Bettina Köster is a German musician, saxophonist, composer, singer, songwriter and producer.
Career
Mania D: 1979–81
Fall 1978, Köster, student of the Berlin art schoolHochschule der Künste, began playing Saxophone for the Berlin underground band DIN A Testbild. In May 1979 Köster started with Karin Luner, Beate Bartel, Eva Gossling and Gudrun Gut an all-girls-band project Mania D. In Fall 1979 Mania D performed in New York at Arleen Schloss A's, and in the Club Tier 3. In the same year she opened with Gudrun Gut the store Eisengrau, showing underground fashion, Super 8-movies and artwork as part of the concept. Köster's Eisengrau-concept emerged to a scene hot-spot for Tabea Blumenschein, Alexander von Borsig, Blixa Bargeld and others. 1980 Eisengrau began publishing small editions of tapes with the musical works of underground bands, classifying thereby Eisengrau to a medium for music. Bettina Köster belonged to a group of Berlin artists named genius dilettantes, who, starting in 1980, performed in quick changing band-formations such as Liebesgier, Nachdenkliche Wehrpflichtige and Einstürzende Neubauten among others. Wolfgang Müller from Die Tödliche Doris invented the characterizing term of the "genius dilettantes" in his book about the Berlin scene published at the Merve-Verlag. The British radiohost John Peel referred to Köster, Gut and Beate Bartel who meanwhile had separated, during a show on 25. July 1981, as his "Queens of Noise". Mania D's produktion track 4 was chosen by Peel in his Radio-Show to as the single of the year.
Köster lived in New York from 1983 to 2001, where she worked as a film author and producer with the director Isabel Hegner. In 1997, Köster composed the music for the film Peppermills, which won 1998 at the Berlinale the Teddy Award in the category Best Short Film. The film was directed by the Swiss Isabel Hegner, later producing a 2003 released documentary "Burma: Anatomy of Terror" which was co produced by Köster. While researching Burma for the film, Köster came across material about the drug princess Olive Yang, laying the foundation for the thriller Mandalay Moon, which she wrote together with Martin Schacht, published 2007 by Rowohlt.

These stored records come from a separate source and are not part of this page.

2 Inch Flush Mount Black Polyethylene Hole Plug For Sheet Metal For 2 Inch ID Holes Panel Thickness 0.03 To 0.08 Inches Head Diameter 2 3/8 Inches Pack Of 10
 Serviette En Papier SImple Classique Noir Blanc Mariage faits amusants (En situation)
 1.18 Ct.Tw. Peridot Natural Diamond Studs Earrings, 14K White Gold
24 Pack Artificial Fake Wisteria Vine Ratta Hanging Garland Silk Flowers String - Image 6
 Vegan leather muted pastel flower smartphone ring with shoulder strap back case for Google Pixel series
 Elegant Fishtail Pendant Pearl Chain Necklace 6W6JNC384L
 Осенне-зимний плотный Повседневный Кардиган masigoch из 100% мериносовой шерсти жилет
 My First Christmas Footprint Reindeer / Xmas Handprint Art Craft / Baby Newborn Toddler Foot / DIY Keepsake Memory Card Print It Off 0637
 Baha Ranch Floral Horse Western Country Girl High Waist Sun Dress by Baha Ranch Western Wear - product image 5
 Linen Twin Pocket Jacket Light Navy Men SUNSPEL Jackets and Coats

In 2005 Köster performed with the musician Jessie Evans in the supporting program of The Vanishing. This led to the music project Autonervous, releasing an album in 2006.
Current work
Since 2009, when "Queen of Noise" was published on Assinela Records, Vienna, Köster performs regularly with the Viennese drummer Ines Perschy in Clubs and on Festivals like Waregem in Belgium, Wave-Gotik-Treffen in Leipzig/Germany. She lives in southern Italy.